Die Gedanken sind frei – auch die dummen!

Sabine Heinrich fragte im WDR [Http://bit.ly/38tGoO1]: „Ist es OK, wenn ein Mann einer Frau ungefragt ein Kompliment zu ihrem Outfit macht?“ Wieso ‚Mann‘ und ‚Frau‘? Auch das ‚ungefragt‘ in der Frage finde ich befremdlich – was soll das bedeuten? Wäre es denn OK, wenn eine Frau einen Mann zunächst danach fragt, ob er ihr ein Kompliment zu ihrem Outfit machen möchte? Sind da nicht schon bei der Frage bestimmte Weichen in den Köpfen falsch gestellt worden? Sollte man statt dessen nicht besser fragen: Ist eine Demokratie noch auf dem richtigen Weg, wenn im Fernsehen solche Fragen gestellt werden?

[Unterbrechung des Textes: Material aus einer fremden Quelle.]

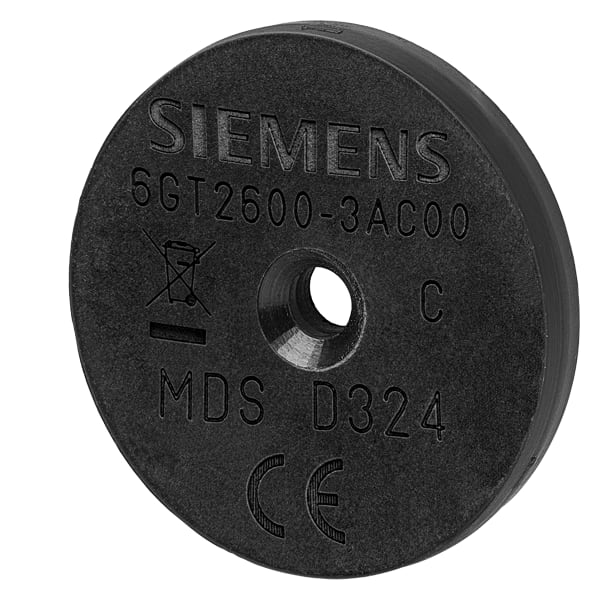 SIEMENS SIE6GT26003AC00 TRANSPONDER MDS D324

Nun hat ‚OK‘ keine rechtliche Relevanz; es muss also wohl um gesellschaftliche Regeln unterhalb von Gesetzen gehen – wie sollen denn da die Strafen bei Übertretungen aussehen? Jedenfalls möchte Frau Kroymann keine Komplimente bzgl. ihrer Figur, wohl aber bzgl. ihres Outfits hören; und sie möchte nicht angemacht werden. Männer sollen sich heran tasten und erkunden, was sie gerne hören möchte; sie hält das für durchführbar. Komplimente bei denen sich der Mann viel Mühe mit der Formulierung gegeben hat bringen zumindest einen Pluspunkt für den Mann …. Sie weiß, was sie will – wieso sollte sie es bekommen?

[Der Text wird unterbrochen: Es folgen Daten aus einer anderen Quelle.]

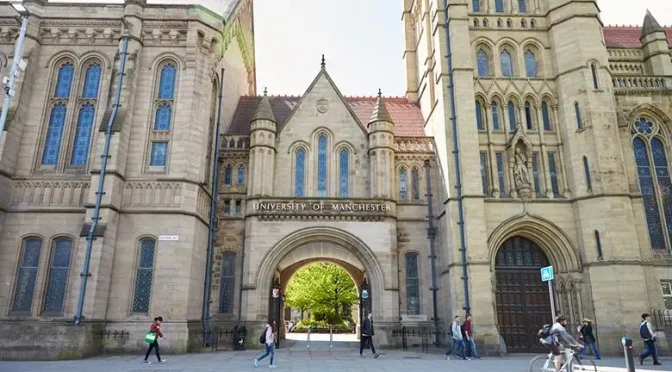 Universitas Di Manchester Terbaik Dan Paling Populer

Hier hat doch jemand nicht mehr alle Tassen im Schrank, wie kann man sich so etwas ausdenken? Wenn man beleidigt wird, erstattet man Anzeige, wenn man was nicht hören will sagt man „Lassen sie mich bitte in Ruhe.“ Aber dieses vorsichtige Vortasten, das Frau Kroymann sich wünscht, erinnert sehr an die Art, wie Männchen der Schwarzen Witwe sich ans Weibchen tasten: vorsichtige Vibrationen am Netz erzeugen, Signale senden und empfangen und schnell weg rennen, wenn sie heute nicht gut drauf ist. Ist mir völlig unbegreiflich, wie man zu so einem Weltbild kommen kann.

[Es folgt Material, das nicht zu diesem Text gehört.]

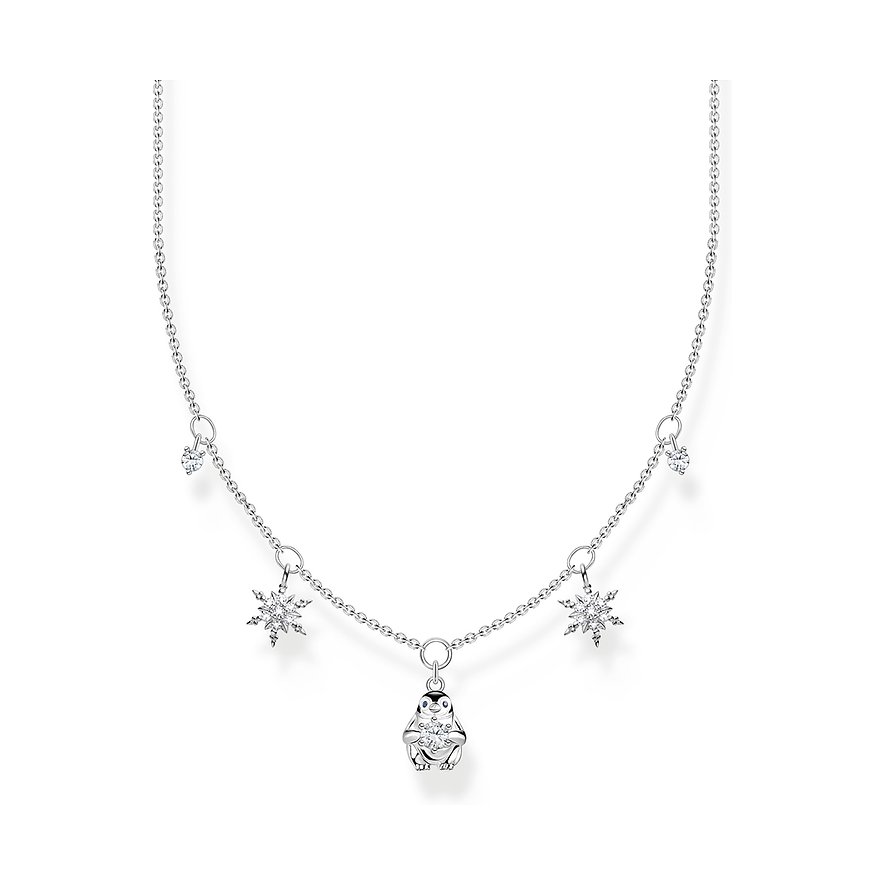 2. Chance - Thomas Sabo Kette KE2173-041-7-L45V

Hat eine Frau Kroymann nicht die Eier in der Hose auf ein unerwünschtes Kompliment mit einem freundlichen Lächeln und einem souveränen „Tut mir leid, sie sind nicht mein Typ“ zu antworten? Anscheinend leben unsere Promis in ganz speziellen ‚Gated Communities‘ bei denen nicht die Räume abgeschirmt werden, in denen sie sich bewegen, sondern die intellektuellen Zugänge zur Außenwelt. Sie lassen sogar ihre E-Mails von Wachpersonal sortieren um sicher zu stellen, dass sie nicht mit der wirklichen Welt in Berührung geraten müssen – so können sie in ihren Filterblasen bleiben und das Gefühl genießen, wichtig zu sein und etwas zu sagen zu haben. Und so kommt eine Maren Kroymann auf die abstruse Idee, es bräuchte spezielle Verhaltensregeln für Männer, denn Männer müssten sich einer Frau – wie ihr? – ganz vorsichtig nähern und ihre Signale aufnehmen und richtig interpretieren um zu erkennen, ob sie den Mund öffnen dürfen um ihr ein Kompliment zu machen; aber nur zur Kleidung, wir wollen ja nicht zu weit gehen.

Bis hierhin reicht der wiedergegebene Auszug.